Vector problem: flagpole with wires at different angle

[prime-factor]

Homework Statement

Two supporting wires keep a flagpole in its
vertical position. The horizontal components of the tensions in
the supporting wires must be equal and opposite,
otherwise the pole will move laterally. The
vertical components may be different.
The longer wire forms a 30 degree angle with the ground, and
the shorter wire forms a 45 degree angle with the ground.
a Calculate the ratio of the tension in the
shorter wire to the tension in the longer wire.
b If the tension in the shorter wire is 600 N, calculate the magnitude of the tension
in the longer wire.

(Refer to picture) in the word document.

Homework Equations

basic trigonometry:

sine, cosine, tan,

possibly cosine/sine rules

The Attempt at a Solution

I am not sure, what to do with this problem.
I have attempted it, but haven't a clue
how to do it correctly. Please help.
I've just started this topic, and haven't been
taught this yet.

 

[Carid]

Do you know how to resolve a vector into two component vectors? For example, if you are driving North East at speed V you have a North vector and an equal East vector. These two vectors would each be of size V*cos(45°). If you now turn a bit to the left so you are driving at 30° East of North then the North vector will now be V*cos(30°) and the East vector will be V*cos(60°). Does this help?

 

[prime-factor]

I am having trouble understanding.

So with my question, V would be the magnitude of the vector, and I would have:

r.cos(30) , and r.cos(45) ?

I don't really get it. Because I don't have a magnitude.

 

[Carid]

You need tensions; just call them T1 and T2. They won't be equal. The horizontal components are equal and the vertical ones are different.

 

[prime-factor]

Ahhh :)

Okay.

So let horizontal components equal x, and vertical components equal T1, T2

=>cos (theta₁) = x/T1
T1 = x / cos (theta₁)

=>cos(theta₂) = x/T2
T2 = x / cos (theta₁)

Then let's say I choose an arbitrary value...2

2/ cos(30) = 2.30

2/ cos(45) = 2.82

=> 2.82 : 2.3 = 1: 1.2(approx) , so that's my ratio?
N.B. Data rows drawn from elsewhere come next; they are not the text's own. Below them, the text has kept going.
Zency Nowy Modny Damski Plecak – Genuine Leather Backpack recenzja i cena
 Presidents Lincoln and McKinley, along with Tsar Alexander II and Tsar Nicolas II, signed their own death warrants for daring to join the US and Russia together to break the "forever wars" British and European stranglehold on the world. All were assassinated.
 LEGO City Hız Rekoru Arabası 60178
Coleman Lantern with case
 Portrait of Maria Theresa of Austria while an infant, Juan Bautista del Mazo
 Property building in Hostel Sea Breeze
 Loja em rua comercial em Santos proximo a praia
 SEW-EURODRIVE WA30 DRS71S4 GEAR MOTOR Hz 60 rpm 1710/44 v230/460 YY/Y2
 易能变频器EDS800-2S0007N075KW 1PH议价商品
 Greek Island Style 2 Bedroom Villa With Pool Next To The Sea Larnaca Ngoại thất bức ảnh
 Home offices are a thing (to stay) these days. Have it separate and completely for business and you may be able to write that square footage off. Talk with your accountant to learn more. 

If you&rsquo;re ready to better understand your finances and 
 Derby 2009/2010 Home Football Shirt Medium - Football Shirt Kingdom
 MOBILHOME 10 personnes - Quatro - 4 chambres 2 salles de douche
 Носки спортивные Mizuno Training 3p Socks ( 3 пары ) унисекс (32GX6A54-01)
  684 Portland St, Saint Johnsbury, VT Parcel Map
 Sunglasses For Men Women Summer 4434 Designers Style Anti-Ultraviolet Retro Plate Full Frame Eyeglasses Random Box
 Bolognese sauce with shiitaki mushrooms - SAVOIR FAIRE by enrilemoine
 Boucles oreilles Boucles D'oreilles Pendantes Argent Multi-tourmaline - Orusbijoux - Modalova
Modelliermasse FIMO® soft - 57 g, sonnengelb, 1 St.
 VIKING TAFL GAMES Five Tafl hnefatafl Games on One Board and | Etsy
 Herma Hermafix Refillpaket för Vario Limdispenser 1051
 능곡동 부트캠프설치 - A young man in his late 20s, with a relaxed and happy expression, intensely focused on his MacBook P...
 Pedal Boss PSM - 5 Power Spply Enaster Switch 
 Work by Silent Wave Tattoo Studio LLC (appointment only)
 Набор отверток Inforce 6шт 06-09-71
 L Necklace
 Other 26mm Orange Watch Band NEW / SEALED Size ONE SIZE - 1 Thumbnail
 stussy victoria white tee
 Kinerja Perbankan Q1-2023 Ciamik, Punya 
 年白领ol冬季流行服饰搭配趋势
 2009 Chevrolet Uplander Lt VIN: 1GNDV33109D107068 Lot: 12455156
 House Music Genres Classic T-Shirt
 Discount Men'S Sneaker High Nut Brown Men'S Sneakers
Or I could have just done cos(30) : cos(45)

 

[Carid]

You answer is incorrect I fear.
That wasn't quite what I had in mind.

Longer cable has tension T1.
The horizontal component will then be T1*cos(60°)
The vertical component will then be T1*cos(30°)
Repeat this exercise for the shorter rope with tension T2 and equate the horizontal components.
From here you can get the ratio of tensions.

 

[prime-factor]

I did that and got:

cos(30)(T1) = cos(45)(T2)

and get the same: 1.224:1

which is the same as what I get doing it the way you feared was incorrect.

It ends up being the same, because I was equating the horizontal components

 

[Carid]

My horizontal component is T1*cos(60°); yours is cos(30)(T1). Not the same!

 

[Carid]

prime-factor

I broke the golden rule and didn't draw a diagram.
Your solution was correct.

 

[prime-factor]

Hey. No problems :). I appreciate your help nonetheless. I needed to resolve to resolve the components and you reminded me too, so Thankyou.